CD : Dans certains domaines, l’Europe a de réelles compétences, y compris celle de sanctionner un pays qui “n’obéirait” pas aux recommandations qui lui sont faites. Par contre, on peut se demander si l’Union a réellement les compétences juridiques pour s’immiscer dans ces matières sociales. Concrètement, la question se pose de savoir où se trouvent, dans les traités, les bases juridiques qui autorisent la Commission européenne à remettre en cause l’indexation des salaires.

Mais, compétences reconnues ou pas, l’Europe joue de tout son poids politique. Ainsi, aucune institution de l’Union européenne n’a le pouvoir juridiquement contraignant d’imposer à la Belgique de mettre fin à son système d’indexation des salaires ou de repousser l’âge légal de la retraite. Par contre, l’Europe peut sanctionner la Belgique si ses finances publiques partent à la dérive et, demain, si d’autres “déséquilibres macroéconomiques” perdurent. A la Commission, qu’entendra-t-on exactement par “déséquilibre macroéconomique”? La formation des salaires, le financement des soins de santé ou des pensions risqueront-ils d’en faire partie?

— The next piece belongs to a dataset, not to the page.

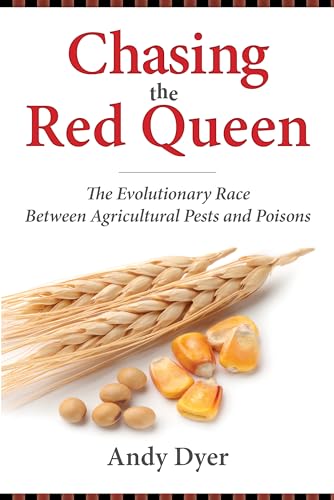 Chasing the Red Queen: The Evolutionary Race Between Agricultural Pests and Poisons von Island Press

Face à ces questions, un autre enjeu surgit : quelle est encore  la place des débats démocratiques concernant ces mesures européennes, et où sont les lieux de délibération publique? Le cas de la Grèce est sans doute exceptionnel mais il est emblématique: sous perfusion financière, ce pays n’a “plus qu’à” tenter d’appliquer les injonctions de “Bruxelles”, sans aucune marge de manœuvre politique. Est-ce tenable?